Di beberapa daerah pun kita masih kerap mendengar orang-orang kepala batu yang tidak mau bahkan melawan protokol kesehatan yang telah ditetapkan oleh pemerintah.
Lalu, soal penyelenggaraan Pilkada Serentak 2020 kemarin yang dalam pelaksanaan di lapangan juga hanya gembar-gembor soal prokes sebagai jargon politik. Namun pada kenyataannya kerumunan yang diciptakan pun jadi liar tak alang kepalang.
Ini terjadi di 270 daerah (tingkat propinsi maupun kebupaten/kota). Siapa bisa membantah bahwa dampak penularan akibat event ini nihil? Pilkada serentak ini sesungguhnyalah hanya kepentingannya partai politik ketimbang kepentingannya rakyat. Ini perspektif yang bisa kita ulas atau perdebatkan kemudian.

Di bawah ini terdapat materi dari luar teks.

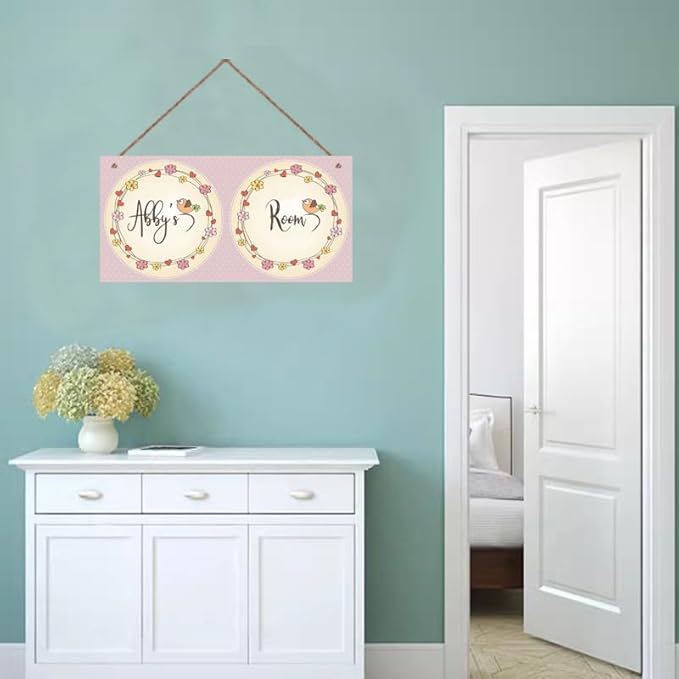 Personalized Sign, Flowers Sign, Cute Bird Wall Art Decor Custom Name Door Sign for Kids Room Floral Nursery Art Plate For Boys Room Girls Bedroom Little Man Cave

Itulah dua masalah besar yang melatar belakangi krisis nasional di sektor kesehatan dan ekonomi).
Kedua masalah itu sudah relative "terkendali". Dalam arti, ormas besar (besar kepala dan besar modal bohir) yang kerap jadi provokator perlawanan politik terhadap pemerintah (cq Presiden Joko Widodo) itu sudah dinihilisasi dan jadi ormas terlarang. Tamat, dan secara politik artinya sudah terkendali. Ini bahasa politiknya.
Biang kerok problem politik sudah "diamankan", para bohir sedang pusing, akibatnya para wayang politik lainnya jadi gagu, gagap dan bego dalam bertindak. Apa kabar uang muka Formula-E?

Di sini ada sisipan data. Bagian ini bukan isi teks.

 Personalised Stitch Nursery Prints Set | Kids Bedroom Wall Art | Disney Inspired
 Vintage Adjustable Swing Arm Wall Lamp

Lalu soal krisis ekonomi bagaimana?
Krisis ekonomi yang sedang kita hadapi ini memang berat bukan alang kepalang. Dan pemerintahan Presiden Joko Widodo tahu persis bahwa daya beli yang jadi pendorong pertumbuhan ekonomi itu semakin melemah.
Sektor produksi mesti didorong lewat investasi dan insentif fiskal. Kalau investasi domestik kurang, ya mesti diungkit lewat investasi asing (istilahnya FDI, foreign direct investment) dan pinjaman (utang) luar negeri atau penerbitan surat berharga. BKPM dan Kemenkeu sudah mati-matian kerja keras.

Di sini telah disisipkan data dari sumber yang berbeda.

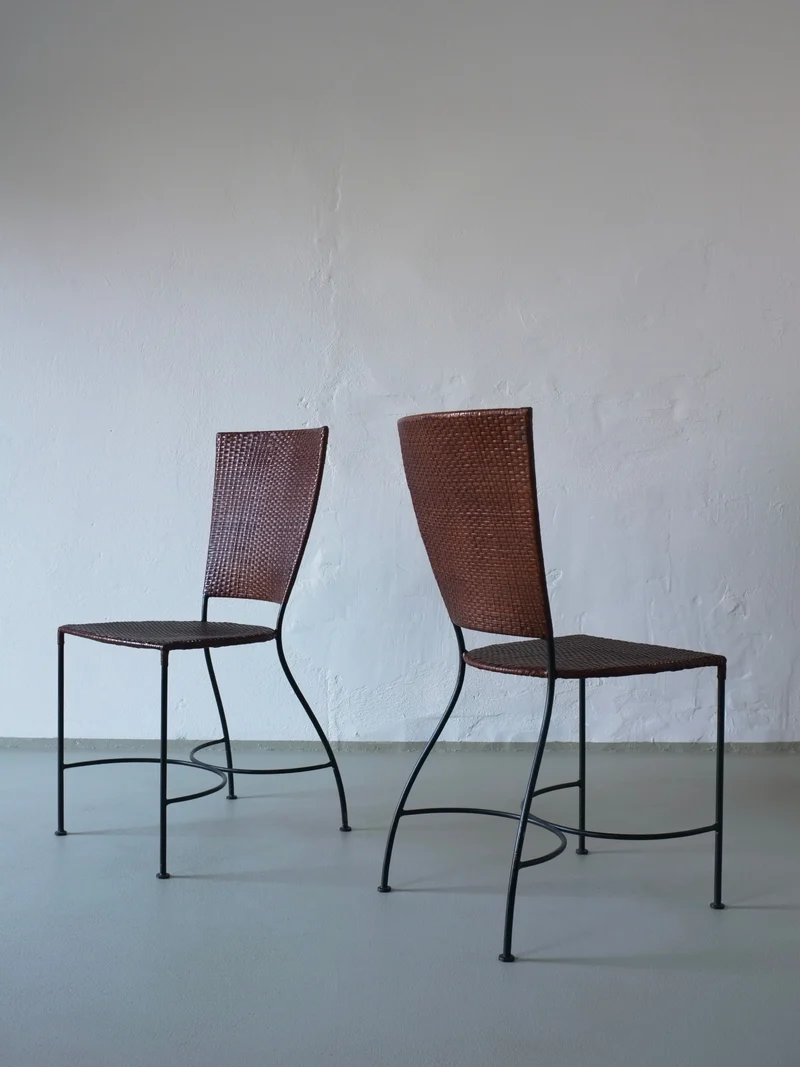 4 Wrought Iron Chairs, Belgium 80s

Maka boleh dibilang pemerintah sudah mengambil jalan yang tepat, yaitu membidik soal daya beli ini lewat intervensi pemerintah. Caranya, dana bantuan sosial, yang -- mestinya -- langsung diberikan ke masyarakat agar bisa dipakai untuk konsumsi. Ini untuk quick-win.
Konsumsi, seperti kita ketahui bersama, adalah driver (penggerak) perokonomian Indonesa saat ini. Tanpa daya konsumsi (daya beli) tak ada stimulasi pergerakan ekonomi.